Matroid configurations and symbolic powers of their ideals

TL;DR

This paper introduces matroid configurations, a broad generalization of star configurations, and explores their algebraic properties, including Cohen-Macaulayness of symbolic powers, with applications to hypergraphs, tetrahedral curves, and secant varieties.

Contribution

It develops a new framework for matroid configurations, describes their Hilbert functions and generators, and determines resurgence for various configurations, extending prior knowledge beyond monomial ideals.

Findings

Symbolic powers of matroid configurations are Cohen-Macaulay.

Resurgence is explicitly determined for star and hypersurface configurations.

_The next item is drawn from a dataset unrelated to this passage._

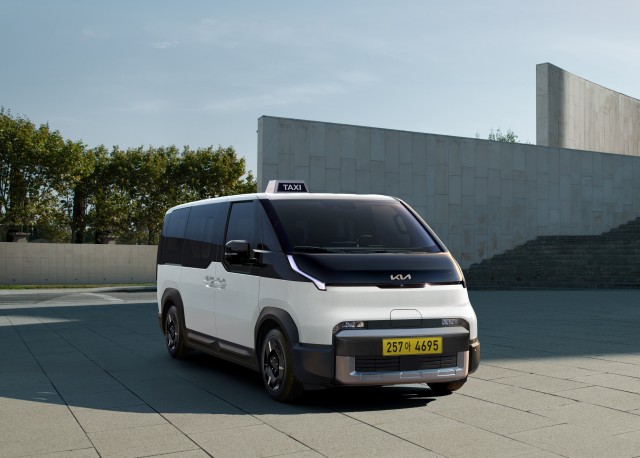 기아는 16일 PV5 택시 전용 올인원 디스플레이 2를 출시했다고 밝혔다. /기아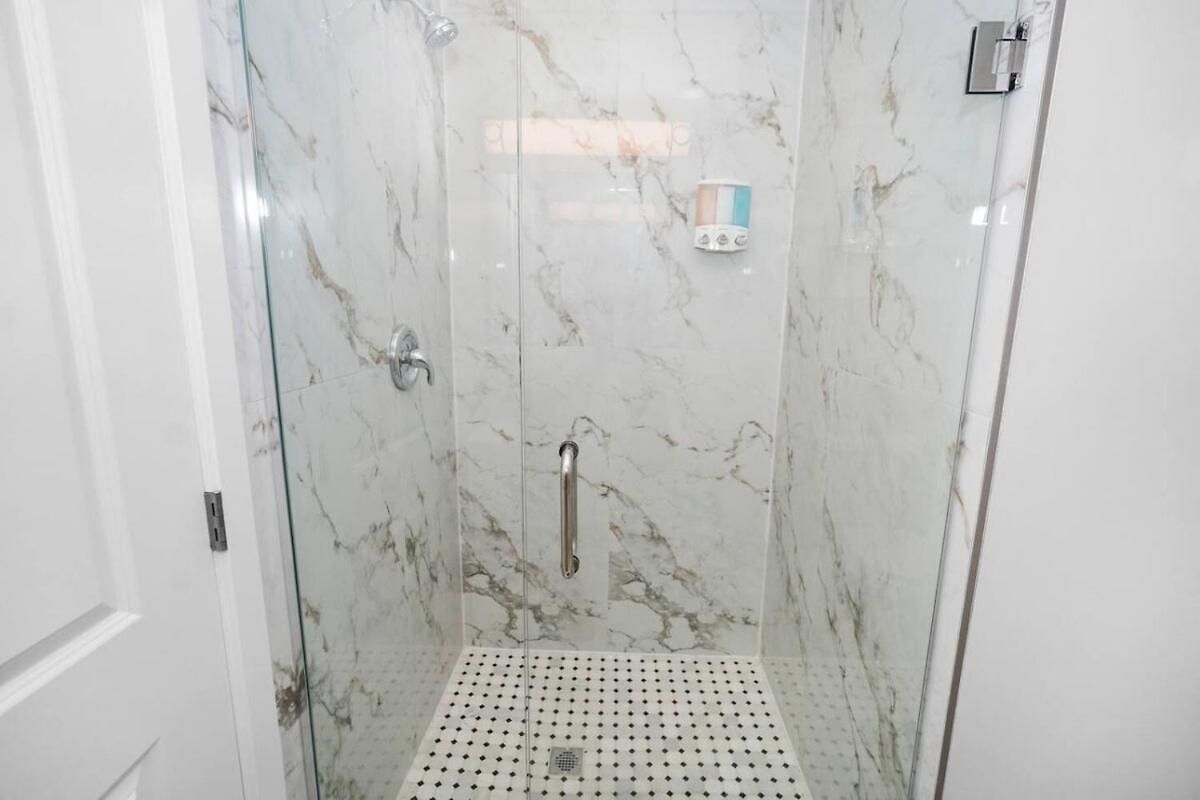 Spacious 3br Near United Center & Medical District Apartment *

Connections established between matroid configurations and secant varieties.

Abstract

Star configurations are certain unions of linear subspaces of projective space that have been studied extensively. We develop a framework for studying a substantial generalization, which we call matroid configurations, whose ideals generalize Stanley-Reisner ideals of matroids. Such a matroid configuration is a union of complete intersections of a fixed codimension. Relating these to the Stanley-Reisner ideals of matroids and using methods of Liaison Theory allows us, in particular, to describe the Hilbert function and minimal generators of the ideal of, what we call, a hypersurface configuration. We also establish that the symbolic powers of the ideal of any matroid configuration are Cohen-Macaulay. As applications, we study ideals coming from certain complete hypergraphs and ideals derived from tetrahedral curves. We also consider Waldschmidt constants and resurgences. In particular, we determine the resurgence of any star configuration and many hypersurface configurations. Previously, the only non-trivial cases for which the resurgence was known were certain monomial ideals and ideals of finite sets of points. Finally, we point out a connection to secant varieties of varieties of reducible forms.